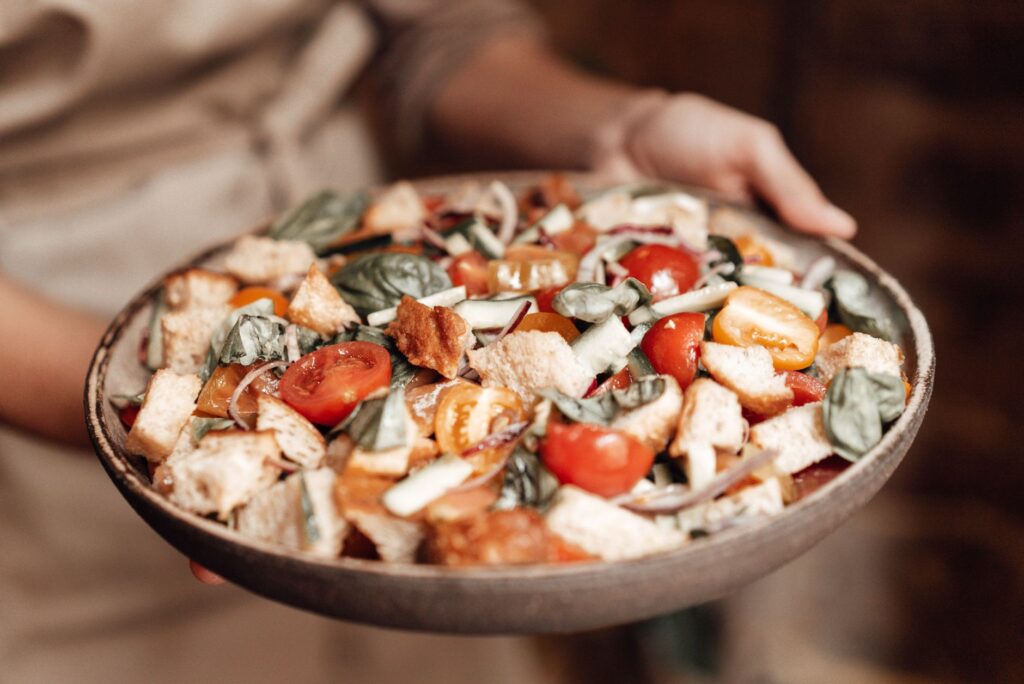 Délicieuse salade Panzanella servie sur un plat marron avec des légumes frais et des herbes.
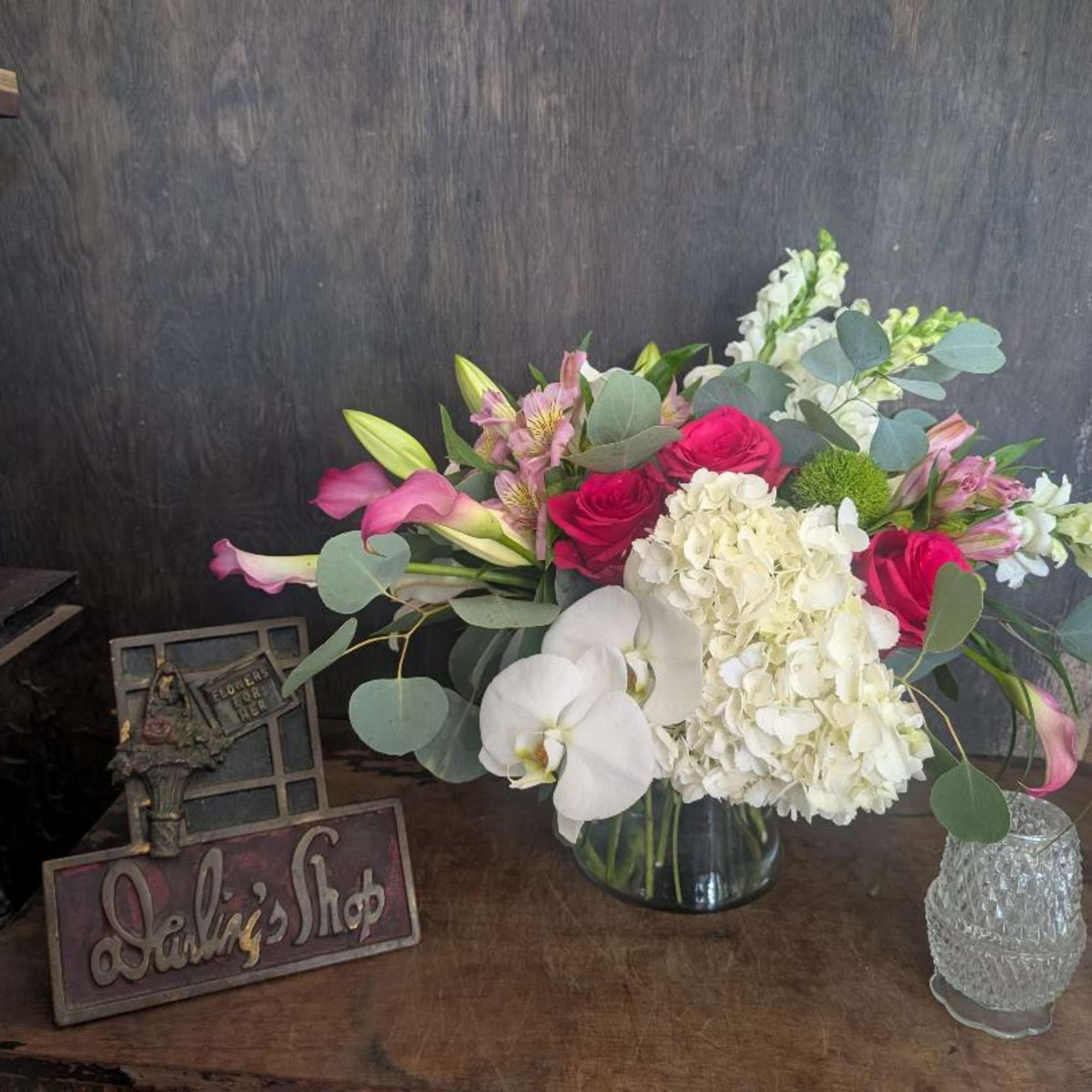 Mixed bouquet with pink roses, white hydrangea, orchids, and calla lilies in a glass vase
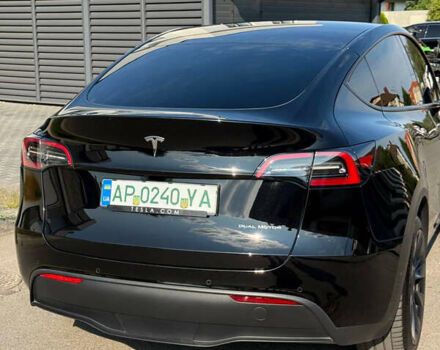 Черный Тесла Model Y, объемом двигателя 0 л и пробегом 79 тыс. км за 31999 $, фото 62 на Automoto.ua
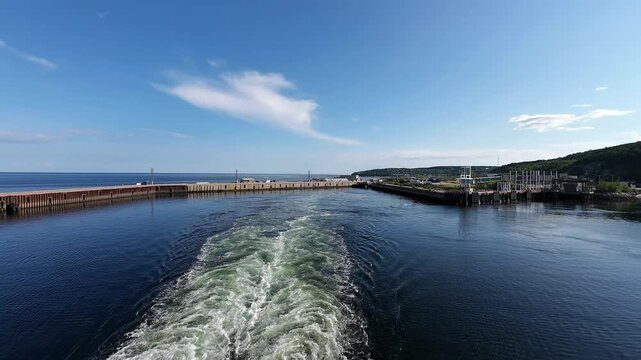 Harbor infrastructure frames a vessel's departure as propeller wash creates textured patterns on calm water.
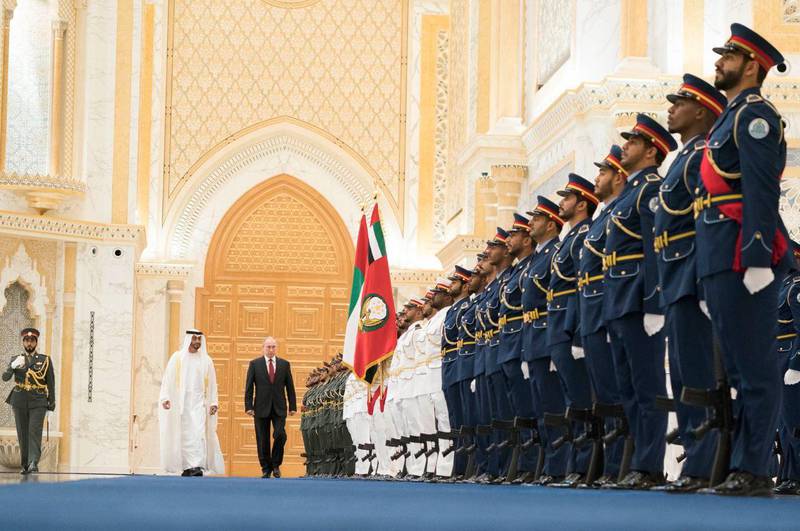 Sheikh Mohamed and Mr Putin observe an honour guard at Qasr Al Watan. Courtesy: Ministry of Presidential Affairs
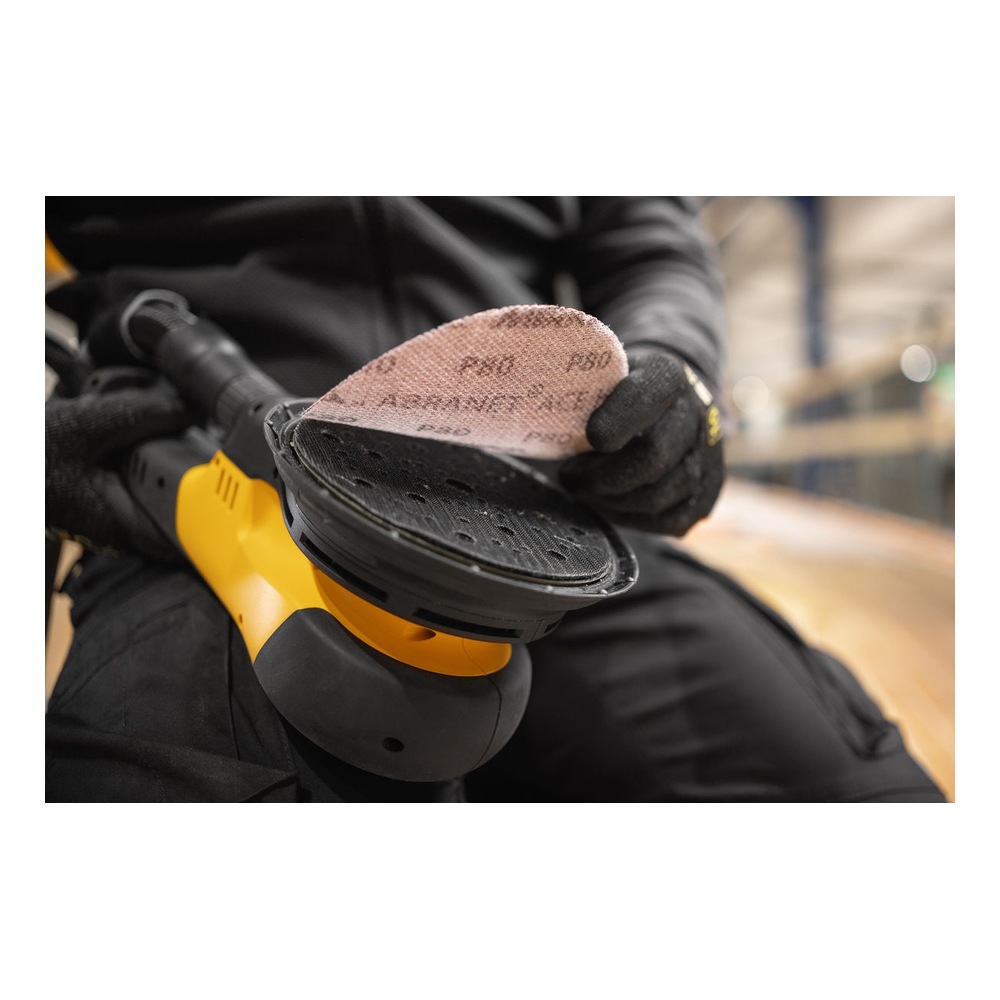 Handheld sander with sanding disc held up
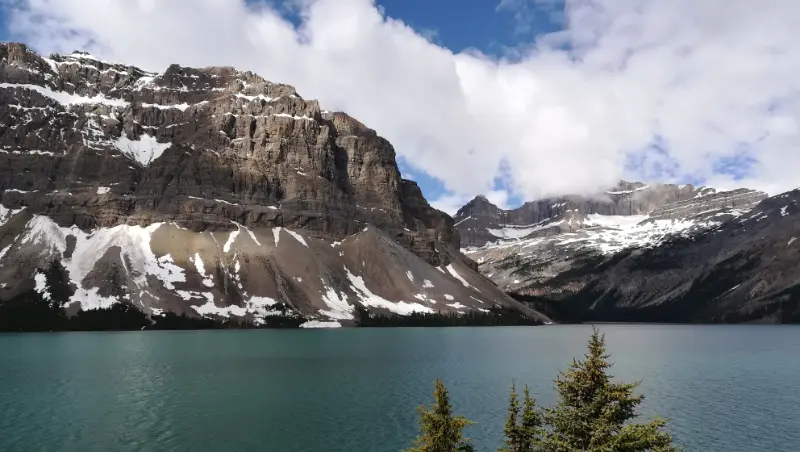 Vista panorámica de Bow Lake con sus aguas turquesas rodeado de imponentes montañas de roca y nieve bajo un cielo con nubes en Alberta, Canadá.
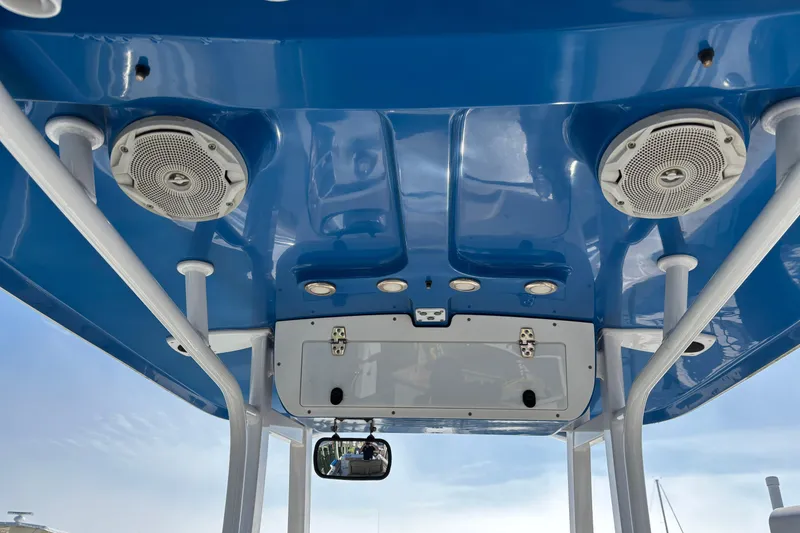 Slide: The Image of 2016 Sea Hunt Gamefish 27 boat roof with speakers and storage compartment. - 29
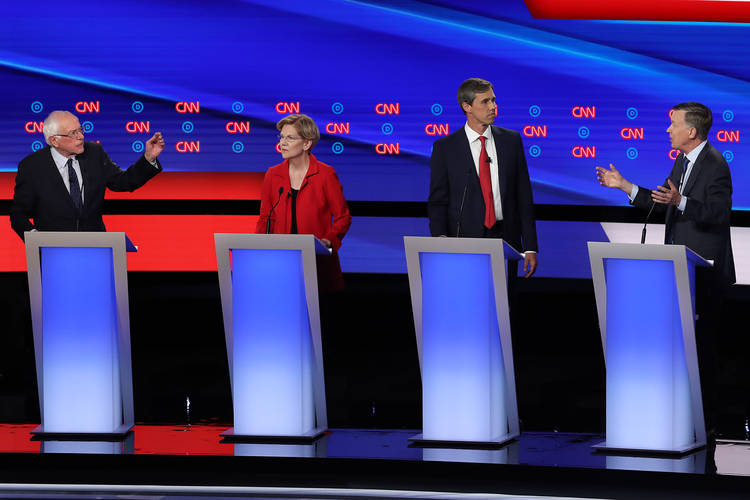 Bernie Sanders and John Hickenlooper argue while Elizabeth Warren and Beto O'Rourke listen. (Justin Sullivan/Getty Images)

> _Aim of the task_: Set down the lines from the one containing "Mixed bouquet with" through the last line of the records above, both included, exactly as they appear and with no other text. Pictures should not be set down.

> _Answer section_:
 Mixed bouquet with pink roses, white hydrangea, orchids, and calla lilies in a glass vase
 Черный Тесла Model Y, объемом двигателя 0 л и пробегом 79 тыс. км за 31999 $, фото 62 на Automoto.ua
 Harbor infrastructure frames a vessel's departure as propeller wash creates textured patterns on calm water.
 Sheikh Mohamed and Mr Putin observe an honour guard at Qasr Al Watan. Courtesy: Ministry of Presidential Affairs
 Handheld sander with sanding disc held up
 Vista panorámica de Bow Lake con sus aguas turquesas rodeado de imponentes montañas de roca y nieve bajo un cielo con nubes en Alberta, Canadá.
 Slide: The Image of 2016 Sea Hunt Gamefish 27 boat roof with speakers and storage compartment. - 29
 Bernie Sanders and John Hickenlooper argue while Elizabeth Warren and Beto O'Rourke listen. (Justin Sullivan/Getty Images)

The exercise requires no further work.